(Records provided Opens)

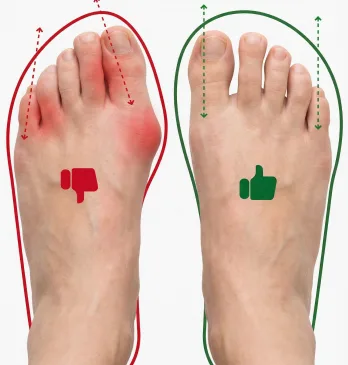 Foot comparison showing bunion and restricted toe box on left versus healthy wide natural toe box on right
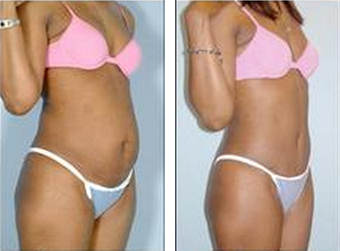 Tummy Tuck (Abdominoplasty) after 324854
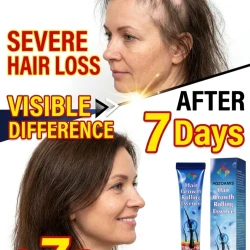 Nourishing Scalp Massaging Roll-on Essence Serum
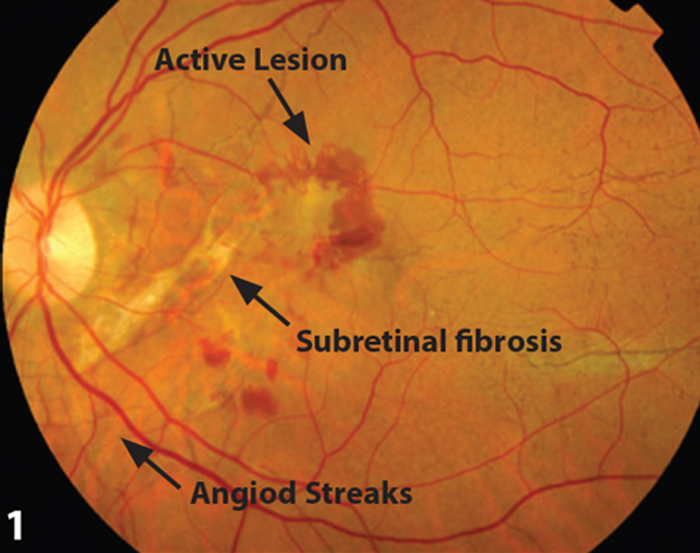 A Patient Report Of Pseudoxanthoma Elasticum Angioid Streaks And Choroidal Neovascularisation 5336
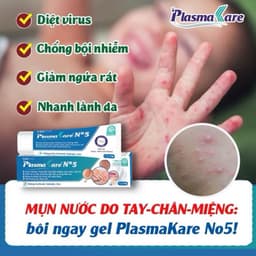 Tuýp bôi Plasma Kare NO5 giúp giảm viêm da cơ địa , giảm nấm ngứa , viên da dị ứng< BUNBUN SHOP 3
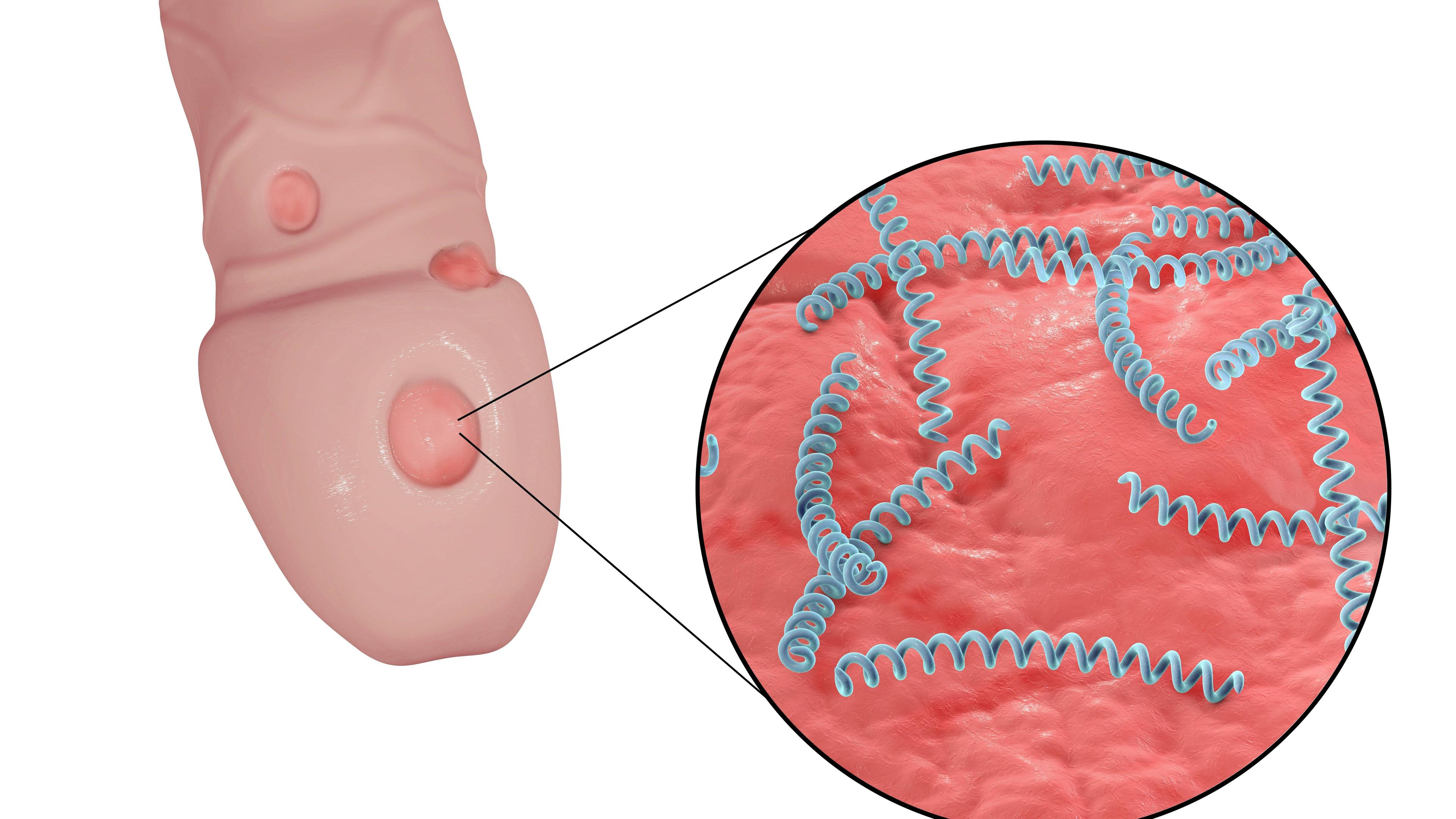 Illustration einer männlichen Syphilis-Infektion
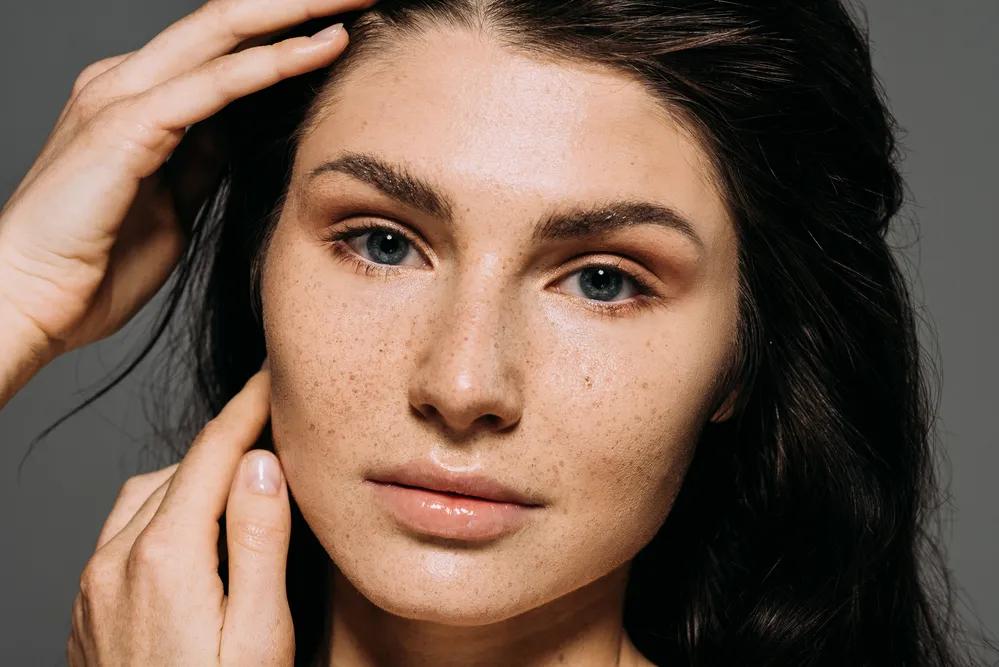 How Does Melasma Treatment Improve Clear Skin?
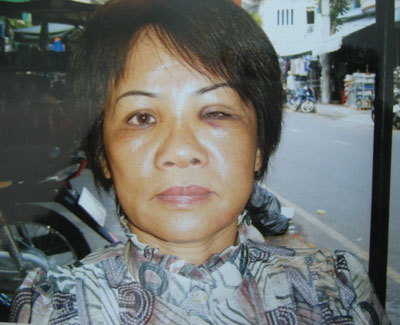 Cơ quan Công an đã làm theo quy định!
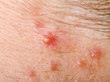 Pimple on human skin macro
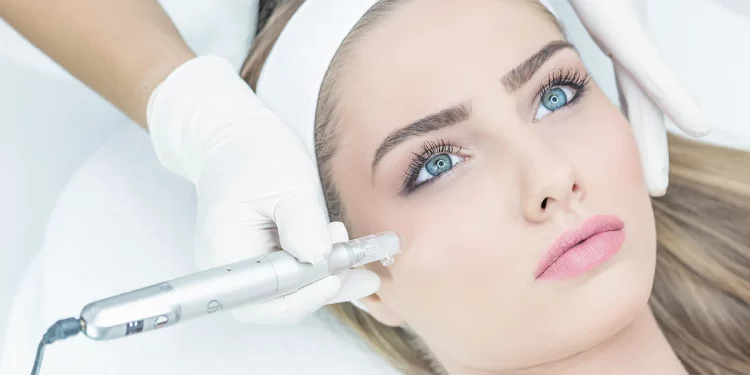 How Does PRP Microneedling Work to Revive Your Skin’s Vitality?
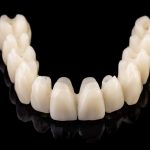 prothèse complète All-on-6 en zircone sur implants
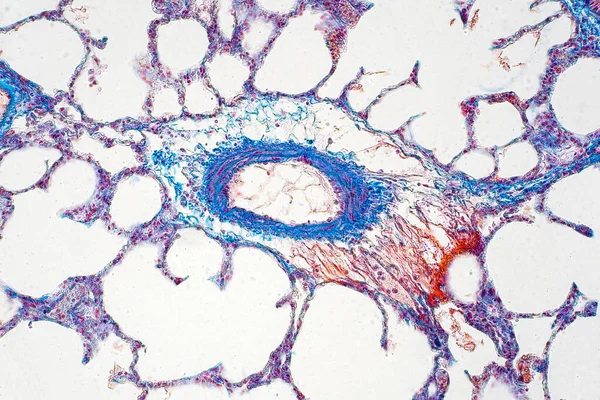 Тканини Легень Людини Під Мікроскопом Легені Основними Органами Дихальної Системи — стокове фото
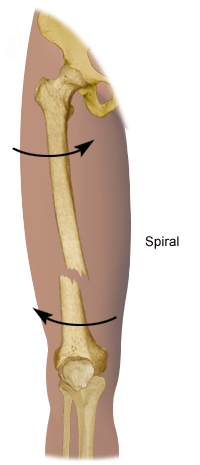Fractures in Children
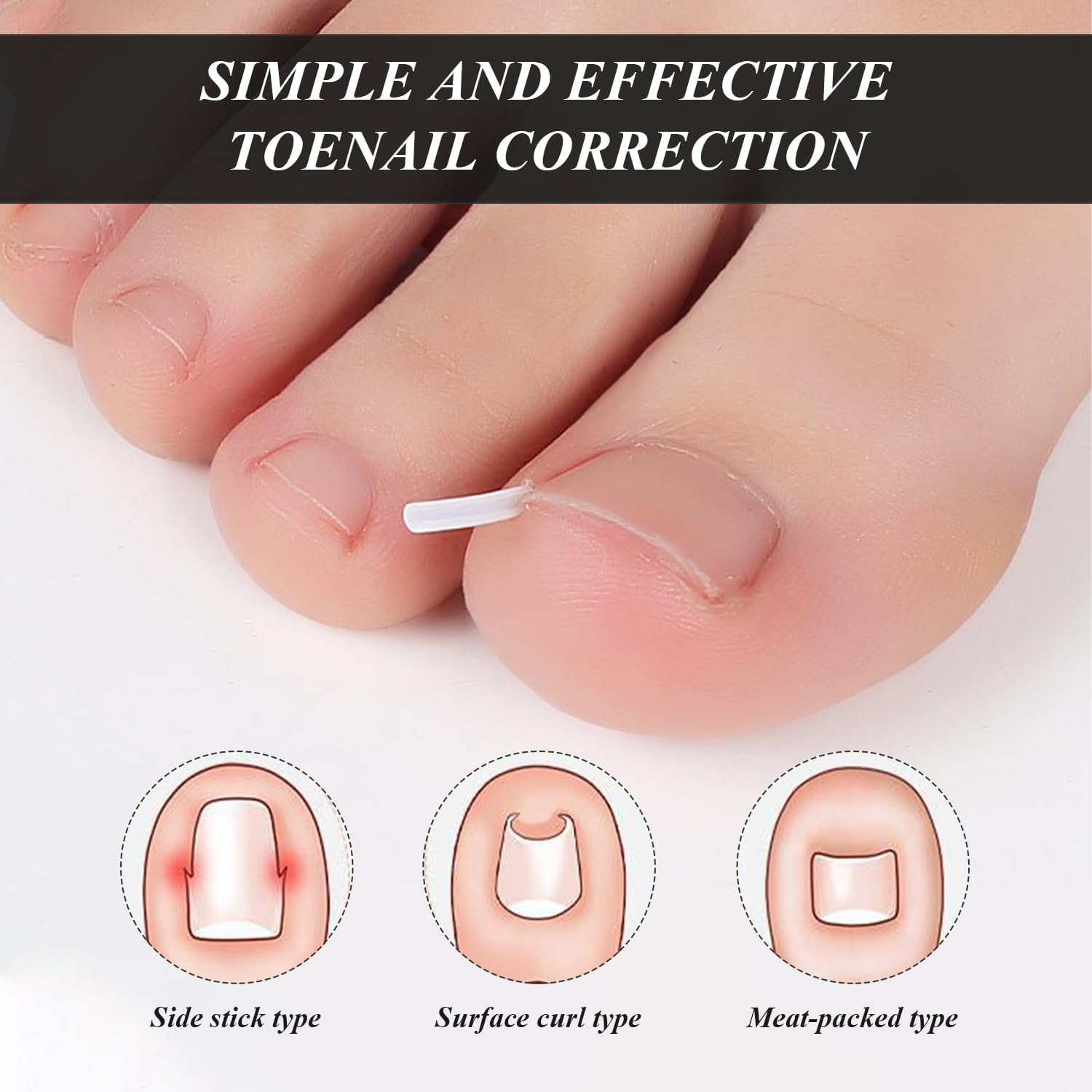 1 Piece Nail Clippers, 1 Piece Nail Picker, 50 Pieces Inline Nail Smoother, Zegel Filler Pads, Painless Zegel Smoother, Zegel Lift Set image number 4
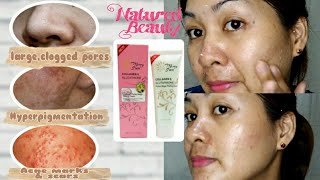 NATURE BEAUTY COLLAGEN amp GLUTATHIONE INSTANT PEELING MAGIC CREAM 1ST TIME USERIN JUST 7 DAYS [upl. by Biernat]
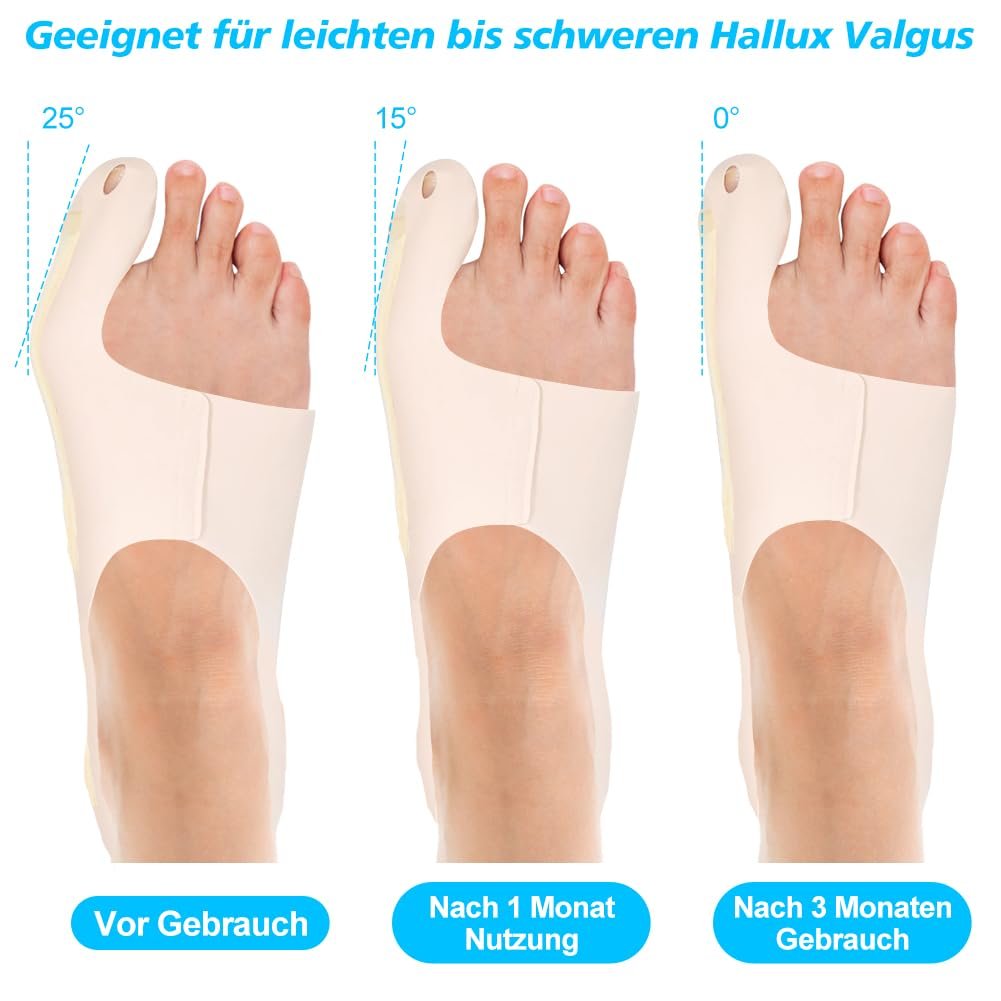 Коректор Hallux Valgus Регульований Hallux Valgus Бандаж з нековзним ремінцем на п'яті L, фото №3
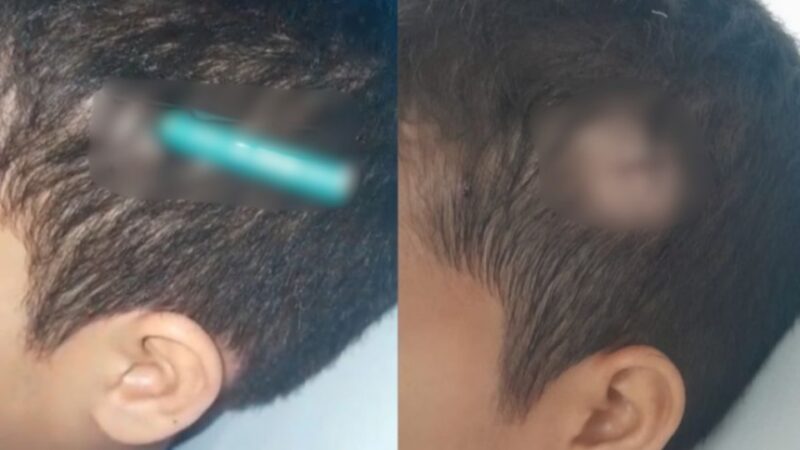 SP – Aluno crava lápis na cabeça de colega em escola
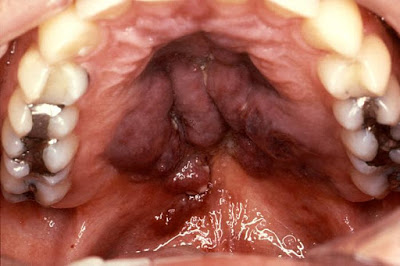 Καρκίνος στόματος. Που οφείλεται, ποια τα συμπτώματα και πώς γίνεται η αυτοεξέταση (video) - Φωτογραφία 3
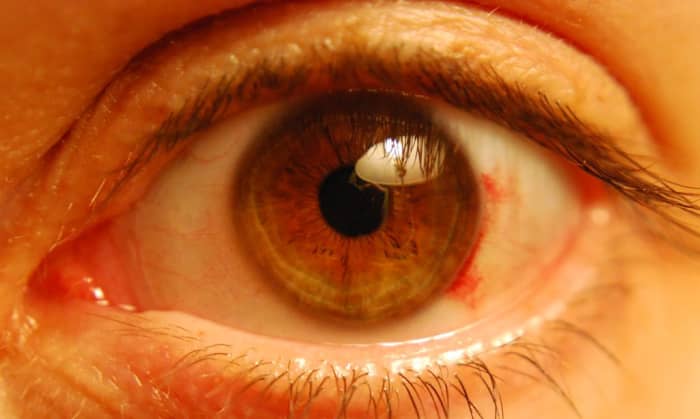 Subconjunctival Hemorrhage (Broken Blood Vessels in the Eye) - HubPages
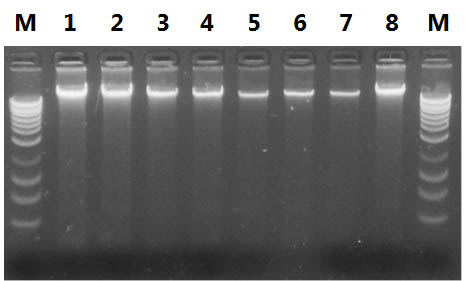 Figure 5. Resolution of DNA Isolated from Preserved Saliva Samples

(Records provided Closes)

**What you need to do:** Could you retype exactly, and only, the lines running from the one with "SP – Aluno crava" to the last line of the listing, while leaving any pictures out?

**Solution:**
 SP – Aluno crava lápis na cabeça de colega em escola
 Καρκίνος στόματος. Που οφείλεται, ποια τα συμπτώματα και πώς γίνεται η αυτοεξέταση (video) - Φωτογραφία 3
 Subconjunctival Hemorrhage (Broken Blood Vessels in the Eye) - HubPages
 Figure 5. Resolution of DNA Isolated from Preserved Saliva Samples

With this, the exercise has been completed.